Please return only the lines from the one with "thumbnail image 3" through the final line of the data, unchanged, with pictures omitted.

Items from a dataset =
= Beginning of Section =
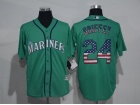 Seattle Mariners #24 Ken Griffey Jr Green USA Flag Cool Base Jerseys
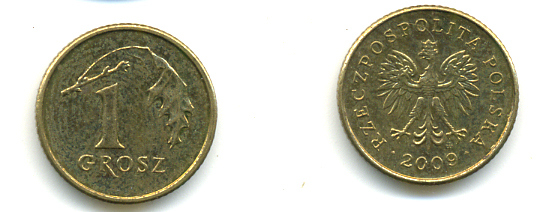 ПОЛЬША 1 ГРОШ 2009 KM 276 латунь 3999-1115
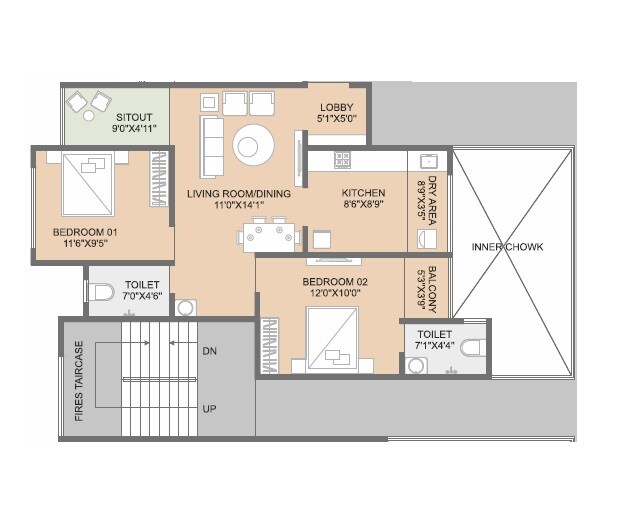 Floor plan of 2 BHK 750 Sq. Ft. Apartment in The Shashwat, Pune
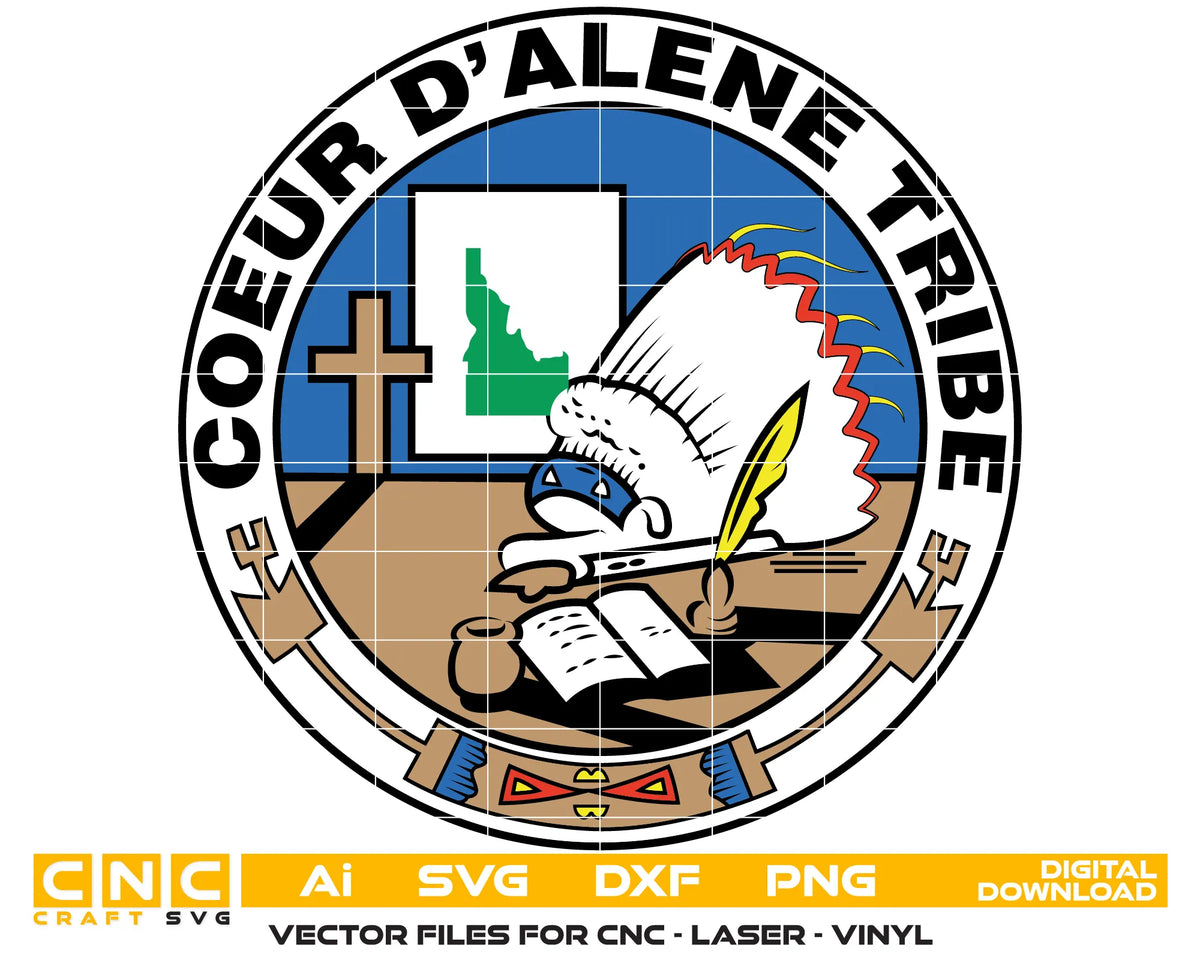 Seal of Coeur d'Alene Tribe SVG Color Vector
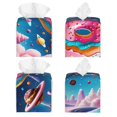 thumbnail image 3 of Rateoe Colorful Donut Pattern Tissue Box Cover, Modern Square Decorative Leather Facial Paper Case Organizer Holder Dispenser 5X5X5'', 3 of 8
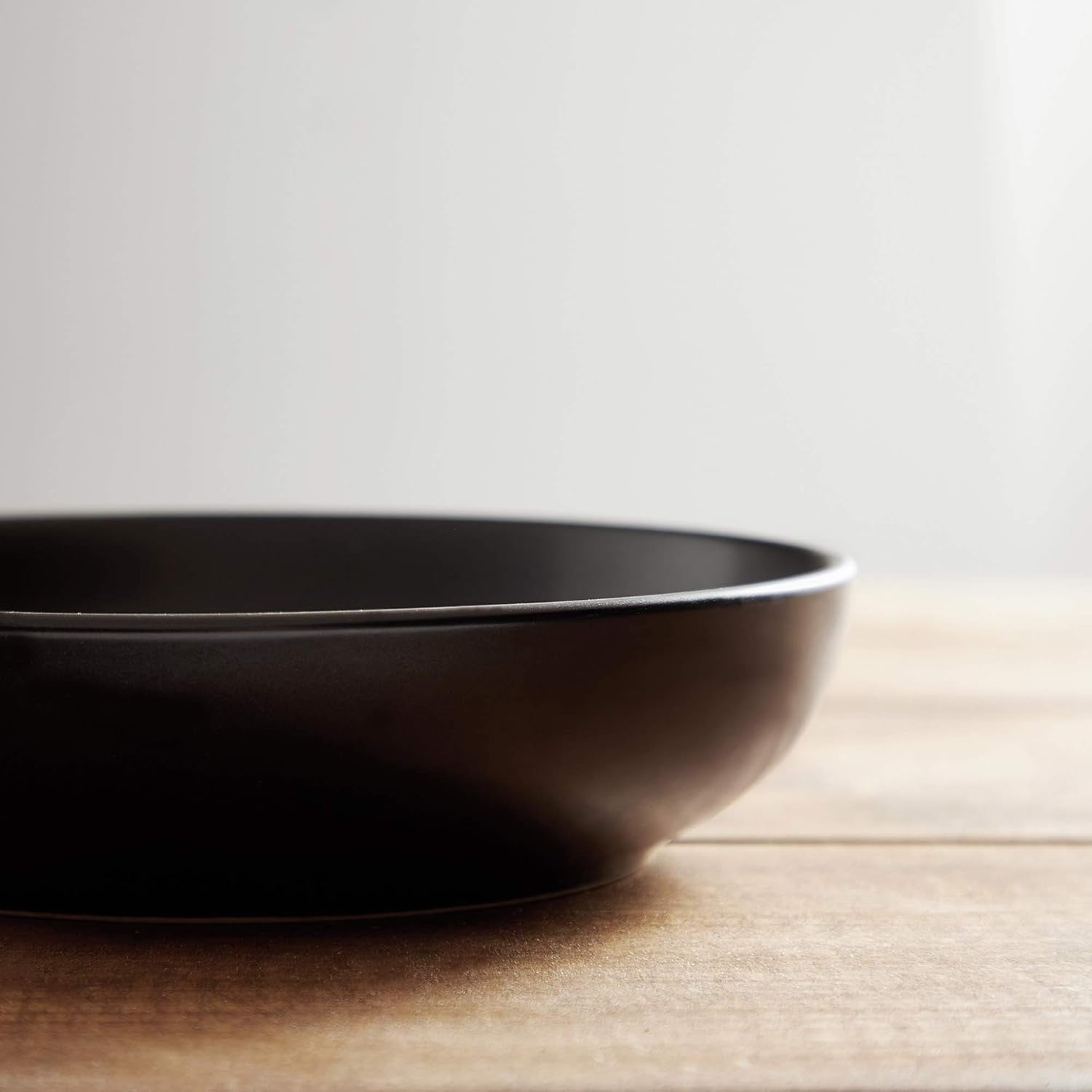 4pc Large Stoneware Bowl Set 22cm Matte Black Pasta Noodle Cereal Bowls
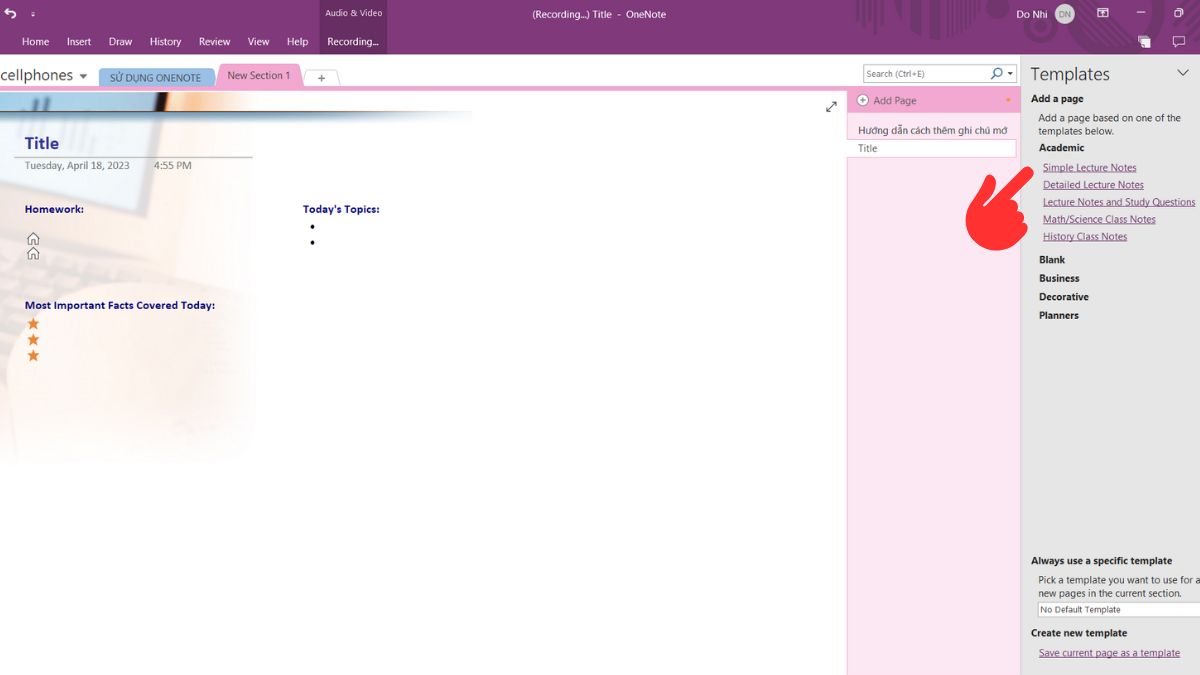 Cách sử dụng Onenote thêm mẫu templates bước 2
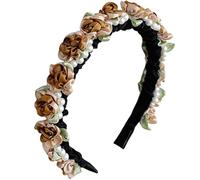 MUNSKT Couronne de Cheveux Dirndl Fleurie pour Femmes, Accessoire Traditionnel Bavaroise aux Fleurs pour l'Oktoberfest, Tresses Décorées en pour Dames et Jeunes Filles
= End of Section =
WORKED SOLUTION =
 thumbnail image 3 of Rateoe Colorful Donut Pattern Tissue Box Cover, Modern Square Decorative Leather Facial Paper Case Organizer Holder Dispenser 5X5X5'', 3 of 8
 4pc Large Stoneware Bowl Set 22cm Matte Black Pasta Noodle Cereal Bowls
 Cách sử dụng Onenote thêm mẫu templates bước 2
 MUNSKT Couronne de Cheveux Dirndl Fleurie pour Femmes, Accessoire Traditionnel Bavaroise aux Fleurs pour l'Oktoberfest, Tresses Décorées en pour Dames et Jeunes Filles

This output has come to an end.